The struggle for public space has had a long history and has become fiercer as the secularists who thought they had won the war have begun to realise that religion has not died, that the yearning for spiritual transcendence has not withered under the fiery blast of secular scientism but has flourished. Indeed, moving to the private sphere, research has shown that our population may go to church much, much less than 20 years but that far from being less open to the transcendent, the opposite is true. We’ve never seen so many angels.

Ten years ago, people were trying to work out how to put God on the national agenda. Well, he’s certainly there now. It may not be, as one leader put it, in the way we would have wanted – wars, heresies and blasphemies – but it’s on the agenda. And we are, it seems, getting much better at dealing with the media and making our case in an increasingly winsome way. They may have burned a copy of The Da Vinci Code in Italy but in Britain we’ve responded in a whole variety of positive ways – careful arguments, insightful questioning about what we can learn, firm but thoughtful stands of conscience, creative responses in print, in the media and in live events.
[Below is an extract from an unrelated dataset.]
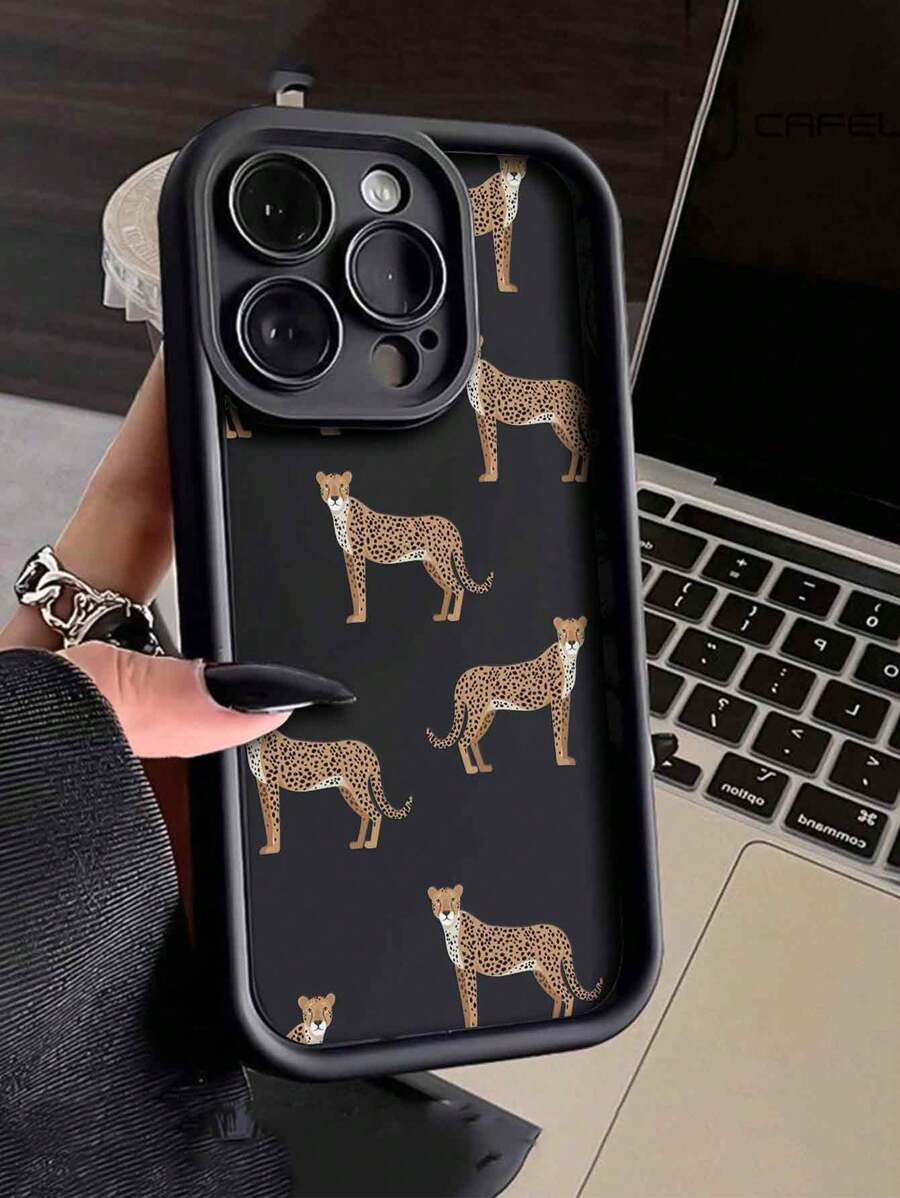 Cheetah 1pc 时尚加厚防摔豹纹手机壳，适用于苹果和三星系列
As the founder of Jews for Jesus once put it to me before my first skirmish in the lion’s den of a media debate:

“Don’t defend God. He can look after Himself. Don’t defend Mark Greene, that’s not important. Look for the opportunity for the Gospel. And if you make a total mess of it, don’t worry, Jesus is still Lord.”

Look for the opportunity for the Gospel. Look for the opportunity for the whole-life, liberating, gracious, joy-bringing, burden-lifting, heart-healing, body-feeding, spirit lifting, redeeming, hope-filling, loving, adventurous, mysterious, limitless Gospel.

Where you are. A few weeks ago The Independent made Bono its guest editor for the day. A bold move. He used the opportunity to speak out, as I’m sure they thought he would, for the poor, for the victims of Western indifference and unjust trade agreements. But it came, as I’m sure they thought it might, infused by and wrapped (literally) in his Christian faith. For those with eyes to see, there was Da Bono Code in small type running along the top of Damien Hirst’s front page illustration of a cross made up of a skull, praying hands, a syringe, some pills and, at the apex, a dove: RX Genesis 1:27 04.80.NO. RX = rex = King. Genesis 1:27 = “So God created man in his own image, in the image of God he created him; male and female he created them .” 04.80.NO = for Bono. Of course, you're not Ruth Kelly or Bono, or at least only one of you is either, but in your own context, in your own conversations, i wonder if there's an opportunity for the Gospel. There are certainly plenty in the news.